TV3’s Grand Design Comes Unstuck as Rose Loses Bloom

TV3 is relegating low-rating The Americans to late-night and shifting flagship Kiwi drama The Blue Rose back an hour.

From Monday, the former will air 9.30 and the latter, 11.15 (replacing Medium); Grand Designs Australia will take over the 8.30 hour.

The rescheduling isn’t surprising given viewership of the dramas has declined sharply since they were launched nearly three weeks ago.

In the press release, director of programming Mark Caulton says the move is designed to protect the success of The Blue Rose after changes to “the wider Monday night line-up” (meaning TV2’s success with My Kitchen Rules, The Big Bang Theory and Kitchen Nightmares).

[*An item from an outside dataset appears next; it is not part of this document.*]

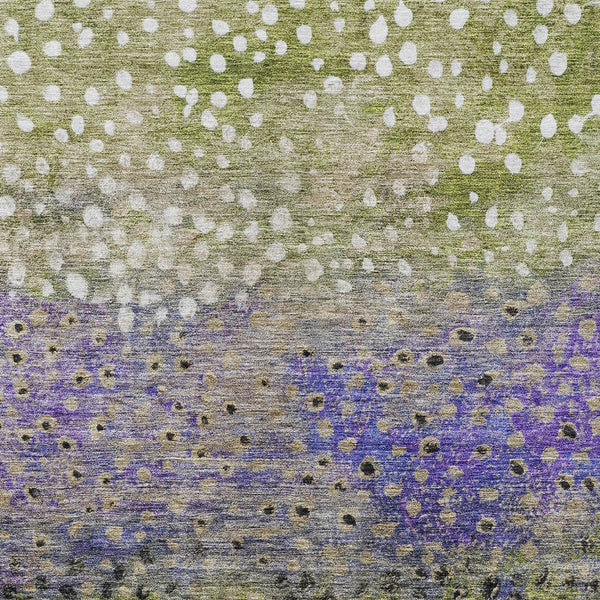 Homeroots 3' Stylish Artichoke Green Abstract Washable Area Rug For Indoor And Outdoor Spaces, Durable Design 9' X 12' Polyester 603093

The Blue Rose is the stand-out success story of this year’s new local drama and comedy offerings,” he says.

“We believe this move is the best way to ensure the show’s ongoing success, with minimal disruption to viewers.”

The release points out more than 1,362,200 Kiwis have tuned into the widely acclaimed South Pacific Picture production since launch (Nielsen TAM, 5+ cume) and it is TV3’s second biggest video on-demand programme after Home and Away.

TV3 will precede next week’s episode with a 10.30 Saturday repeat of the first two episodes (pre-empting Outrageous Fortune, which will screen 12.35, and NCIS: Los Angeles) and a 10.45 Sunday re-run of episode three.

Having to retool its new-season schedule so soon is a crushing defeat for TV3 and reminiscent of what happened this time last year when it flopped at 8.30 Monday with CSI: Crime Scene Investigation and Homeland.

But then the network kept its nerve and courageously promoted Homeland to 8.30 to provide a stark alternative to the choices on TV One and TV2.

With so much NZ On Air funding in The Blue Rose, and desperate to turn it into a hit series unique to the network, TV3 clearly felt it couldn’t risk losing more viewers at 8.30 against competition as tough as MKR.

Moreover, 9.30 is the hour when TV3’s traditionally launched Kiwi drama, so it could have a chance to build an audience in a relatively protected slot.

Programming The Americans in primetime was always a brave move.

It’s an excellent drama but one that, alas, is too niche to sustain a free-to-air peak-hour following — along with Justified, The Borgias, Damages and just about every other adult drama that makes subscribing to Sky’s SoHo a must.